María Estela Asprilla, Lucero Méndez y Yorleiny Beltrán tienen varias cosas en común: son madres cabeza de hogar, desde hace más de diez años llegaron desplazadas de otros departamentos para vivir en el sector de Las Palmas, y las tres fueron voluntarias en distintos comedores comunitarios de la zona.

También las tres son gestoras sociales y liderezas respetadas, pues replican en su comunidad todo lo que organizaciones como Reckitt Benckise, Save The Children, Comfenalco, la Arquidiócesis de Cali y la Alcaldía de Cali les han enseñado en los últimos años.

“Cocinábamos de 7:00 a.m. a 1:00 p.m., y en la tarde dábamos talleres de prevención de consumo, crianza positiva, autoestima, nutrición, autocuidado, prevención de abuso, derechos de la niñez y nos capacitábamos como agentes comunitarias en salud.

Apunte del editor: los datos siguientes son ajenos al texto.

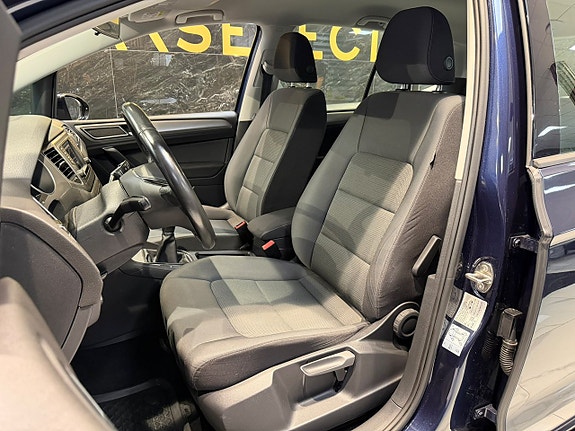 Volkswagen Golf Sportsvan 20 of 29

En la medida en que nosotros recibíamos las capacitaciones, se las replicábamos a los padres y la gente del barrio”, recuerda Lucero.

Sus historias de vida las unen, y también sus sueños. Después de luchar por construir sus casas, por reconstruir la vida en la zona alta de la comuna 18, después de luchar con sus propias manos para ayudar a sus vecinos en los comedores, ahora las une la locura, dicen.

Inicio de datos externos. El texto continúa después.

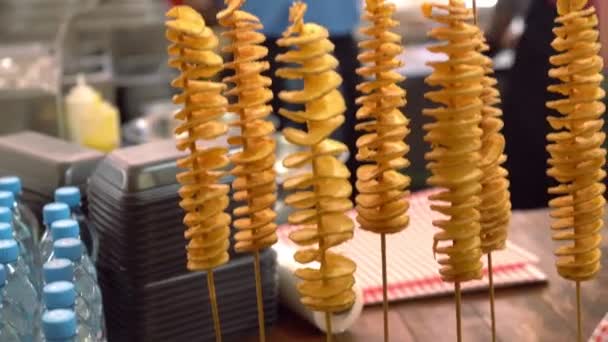 Çubuklar üzerinde spiral patates kızartması — Stok video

Hace seis meses, las tres juntas crearon 'Arepas Locas', un emprendimiento con el sello de su perseverancia, de su espontaneidad, de su resiliencia: “Tenemos aliñada, rellena de queso y las de colores, que son con espinaca y con pimentón. Son las 'Arepas locas' por eso, porque son de colores. También tenemos refrigerios sobre pedido con carne o pollo”, cuenta Lucero, quien hace las veces de representante de ventas, recorriendo la ciudad con un maletín lleno de productos empacados para comercializar en la calle.

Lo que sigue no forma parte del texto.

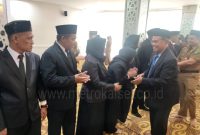 Bupati Tanah Bumbu dr HM Zairullah Azhar Memberikan Ucapan Selamat Kepada Kepala Sekolah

Hacer empresa no ha sido fácil. El punto de fábrica funciona en una pequeña casa de ladrillo limpio levantada en un risco, donde tienen un molino industrial mediano, una cocina y un horno que les ha dejado algunas cicatrices. “Aprendimos a los quemones. Yo me quemé todo el lado derecho. Hasta las pestañas me las quemé”, recuerda Lucero.
Pero ellas siguen ahí, de pie, guerreras. “La esperanza es que esto crezca, para seguir trabajando y sacar nuestras familias adelante”, enfatiza María Estela.